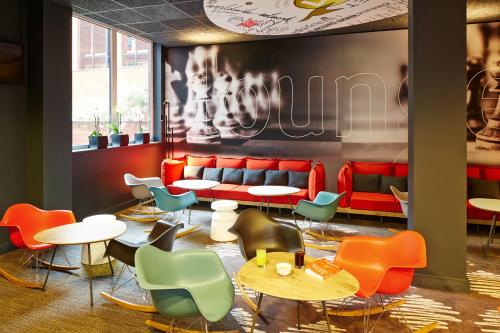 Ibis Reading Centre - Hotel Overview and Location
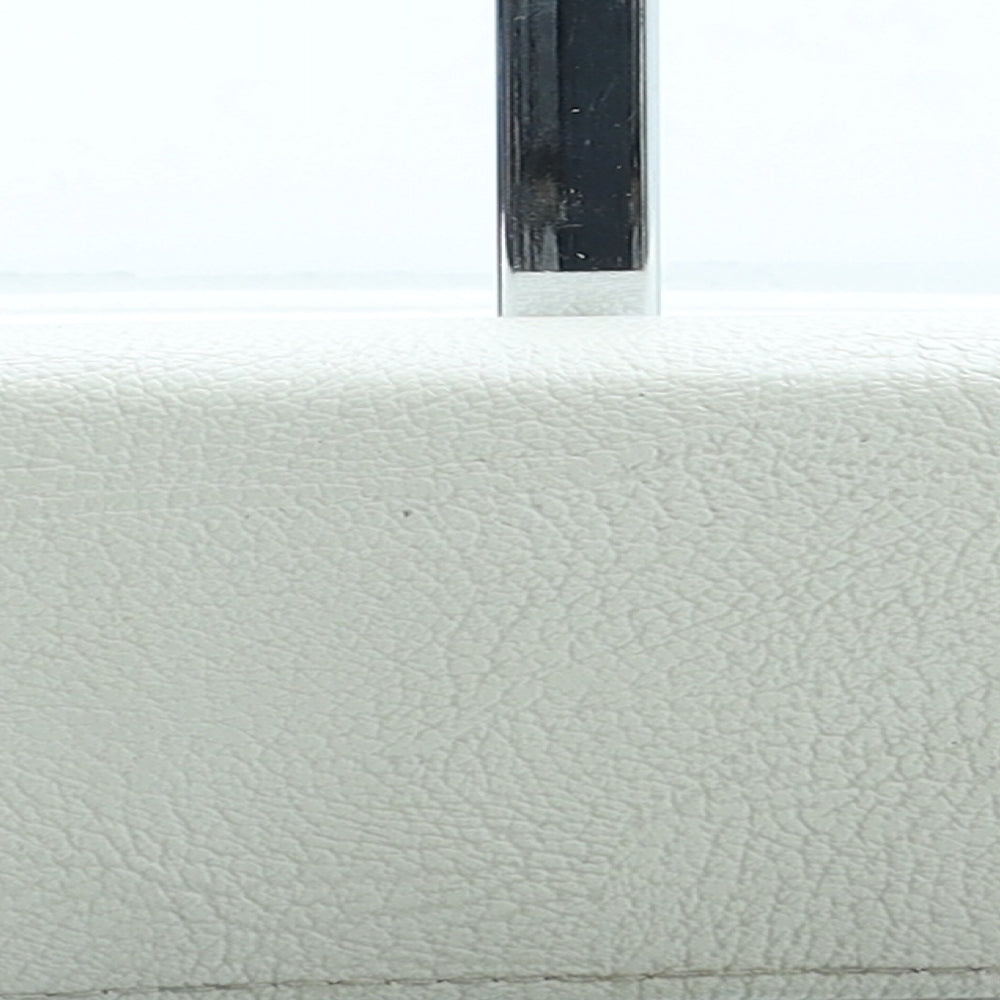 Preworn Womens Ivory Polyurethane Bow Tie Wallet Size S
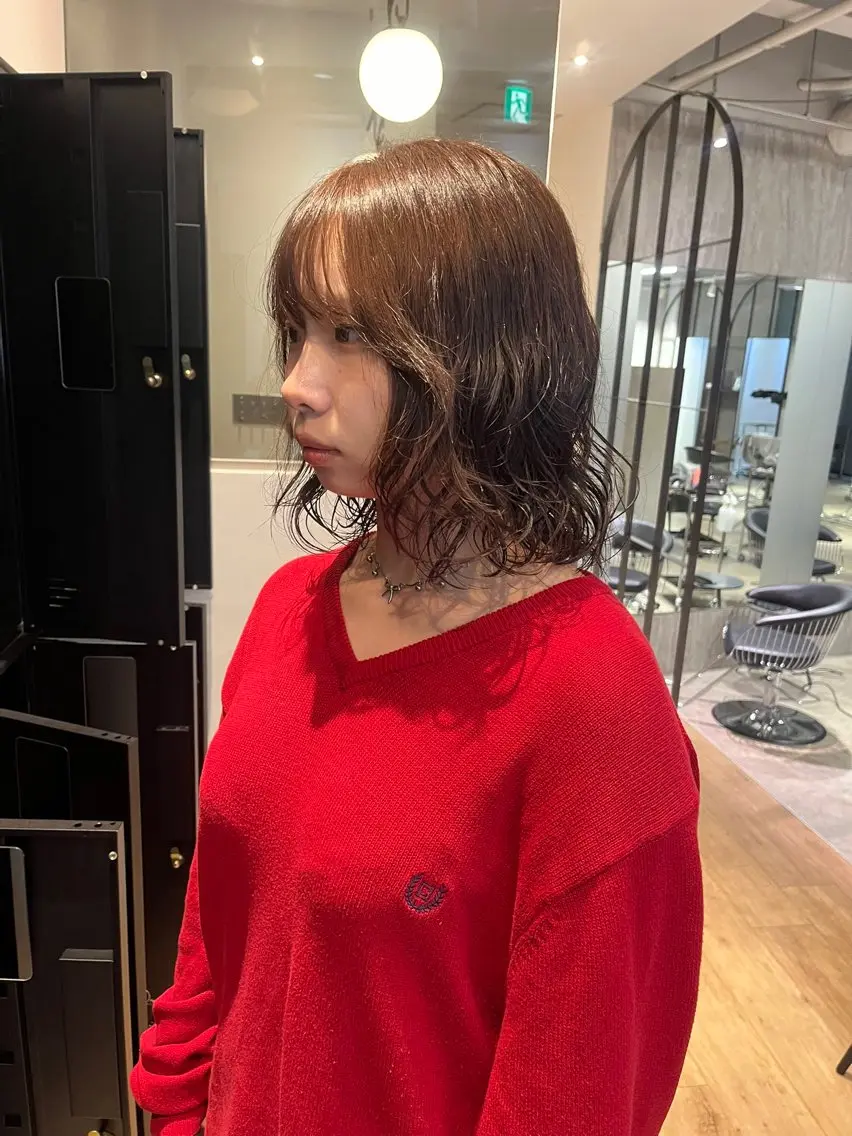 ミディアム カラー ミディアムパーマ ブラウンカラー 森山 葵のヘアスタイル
★ ★ ★ ★ ★
# [TASK REQUIREMENTS]
From the data above, write out everything exactly except the pictures.

# [TASK RESULT]
 Ibis Reading Centre - Hotel Overview and Location
 Preworn Womens Ivory Polyurethane Bow Tie Wallet Size S
 ミディアム カラー ミディアムパーマ ブラウンカラー 森山 葵のヘアスタイル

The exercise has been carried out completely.